//! # dfdx
//!
//! dfdx is a cuda accelerated tensor and neural network library, writtten
//! entirely in rust!
//!
//! Additionally, it can track compile time shapes across tensor operations,
//! ensuring that all your neural networks are checked **at compile time**.
//!
//! The following sections provide some high level core concepts & exmaples, and
//! there is more detailed documentation in each of dfdx's submodules.
//!
//! See [feature_flags] for details on feature flags.
//!
//! # Shapes & Tensors
//!
//! *See [dtypes], [shapes], and [tensor] for more information.*
//!
//! At its core a [`tensor::Tensor`] is just a nd-array. Just like
//! rust arrays there are two parts:
//! 1. Shape ([shapes])
//! 2. Dtype ([dtypes])
//!
//! dfdx represents shapes as **tuples** of dimensions ([`shapes::Dim`]),
//! where a dimension can either be known at:
//! 1. Compile time [`shapes::Const<M>`]
//! 2. Run time [`usize`]
//!
//! You can freely mix and match these dimensions together. Here are some
//! example shapes:
//! - `()` - unit shape
//! - `(usize,)` - 1d shape with a runtime known dimension
//! - `(usize, Const<5>)` - 2d shape with both types of dimensions
//! - `(Const<3>, usize, Const<5>)` - 3d shape!
//! - `Rank3<3, 5, 7>` - Equivalent to `(Const<3>, Const<5>, Const<7>)`
//!
//! Here are some comparisons between representing nd arrays in rust vs dfdx:
//!
//! | rust array | dfdx `Tensor` |
//! | --- | --- |
//! | f32 | Tensor<(), f32, ...> |
//! | [u32; 5] | Tensor<Rank1<5>, u32, ...> |
//! | [[u8; 3]; 2] | Tensor<Rank2<2, 3>, u8, ...> |
//! | Vec<[bool; 5]> | Tensor<(usize, Const<5>), bool, ...> |
//!
//! The `Rank1`, `Rank2` shapes used above are actually type aliases for
//! when **all dimensions are compile time**:
//! - [`shapes::Rank0`] is just `()`.
//! - [`shapes::Rank1<M>`] is `(Const<M>, )`
//! - [`shapes::Rank2<M, N>`] is `(Const<M>, Const<N>)`
//!
//! # Allocating tensors with Devices
//!
//! *See [tensor] for more information.*
//!
//! Devices are used to allocate tensors (and neural networks!). They are akin
//! to [std::alloc::GlobalAlloc] in rust - they just allocate memory.

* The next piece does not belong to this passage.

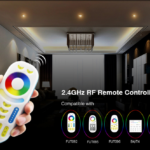 MI-LIGHT 4 ZONE RGB+W STRIP CONTROLLER-0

//! They are also used to execute tensor ops, which we will get to later on.
//!
//! There are two options for this currently, with more planned to be added in the future:
//!
//! 1. [tensor::Cpu] - for tensors stored on the heap
//! 2. [tensor::Cuda] - for tensors stored in GPU memory
//!
//! Both devices implement [Default], you can also create them with a certain seed
//! and ordinal.
//!
//! Here's how you might use a device:
//!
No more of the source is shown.